De que modo a Igreja está a lidar com o impacto da digitalização e das novas tecnologias no domínio da cultura, da arte e da educação?

Nós acabamos de publicar, com o Dicastério da Doutrina da Fé, um documento Antiqua et Nova, onde precisamente se pensa o impacto da inteligência artificial em vários campos humanos, nomeadamente no campo educativo.

Temos de olhar para a inteligência artificial em si mesma como bem, como uma grande possibilidade de progresso e desenvolvimento que se abre à comunidade humana, mas também lembrar que a dimensão ética e os limites éticos têm de ser salvaguardados para evitar que a pessoa humana se torne algoritmo manipulado e escravo das próprias máquinas que criou.

Cardeal Toletino
Cardeal Toletino

África

Relativamente à África, e voltando ao que afirmou na conferência de imprensa, que o desejo deste jubileu dos artistas e do mundo da cultura é reforçar a consciência de que a esperança é algo que está ínsito globalmente em todas as culturas, o que tem a dizer sobre esta temática de dar a possibilidade aos artistas, também do continente africano, de se exprimirem, de entrarem nesse diálogo cultural de que falou?

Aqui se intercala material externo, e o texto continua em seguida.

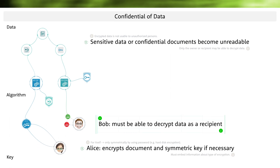But what if Alice wants to encrypt the PDF document for Bob? For example, Alice has written a special text for him and only he should be able to decrypt this document, so Bob as a recipient must be able to decrypt the data again. Alice could send her password to Bob, but that might be too insecure. In practice, Alice will not use a password for the key. Instead, the key is created using random numbers and then passed to the algorithm. The result is encrypted data, which is simply sent to Bob.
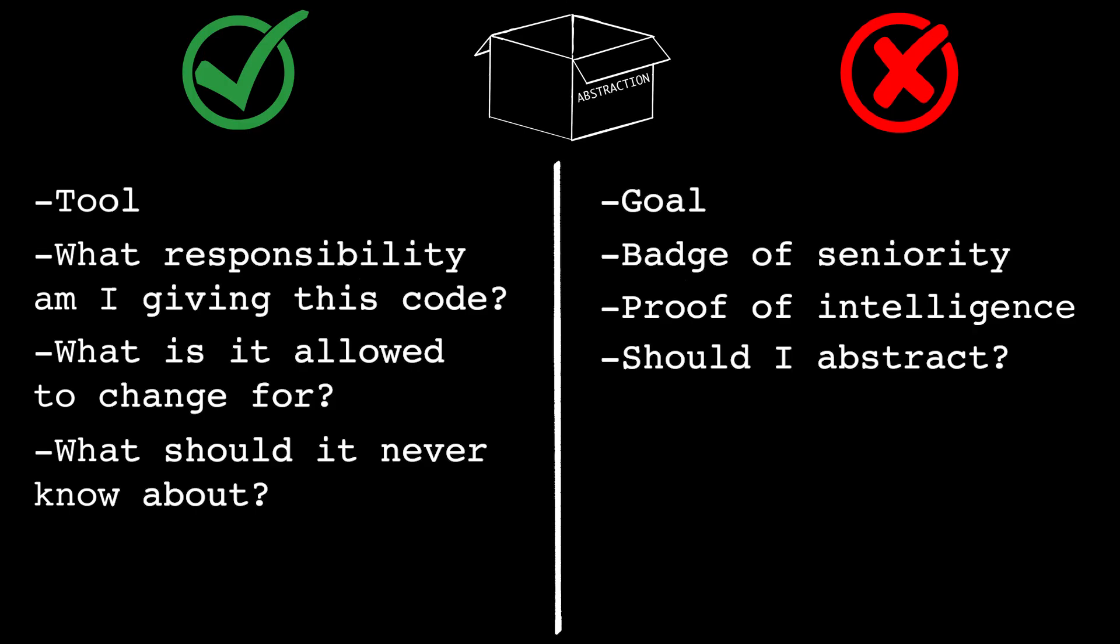So watch this video next to see how SOLID actually helps you design abstractions that don't come back to hurt you.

Dos aspetos muito belos deste Jubileu, um é de facto essa dimensão internacional. Mais de cem nações estão representadas, e seja a comunidade lusófona, sejam outros países, por exemplo, do continente africano, estão muito presentes, devo dizer, cada vez mais. Há uma atenção muito grande nos encontros internacionais, à comunidade artística e às culturas africanas. Tem artistas com grande presença internacional, ainda agora na Bienal de Veneza estavam muito representados. O próprio Dicastério tem essa grande atenção. Por exemplo, nós publicamos a revista do Dicastério que se chama Polyedrun e tem sempre um projeto artístico. Nós confiamos a uma artista africana criar o projeto original para esta revista do Dicastério e esperamos sempre mais no futuro que esta relação afetiva e próxima com a África, com os agentes da cultura, com o mundo educativo, uma relação permanente, possa sempre mais fortalecer-se.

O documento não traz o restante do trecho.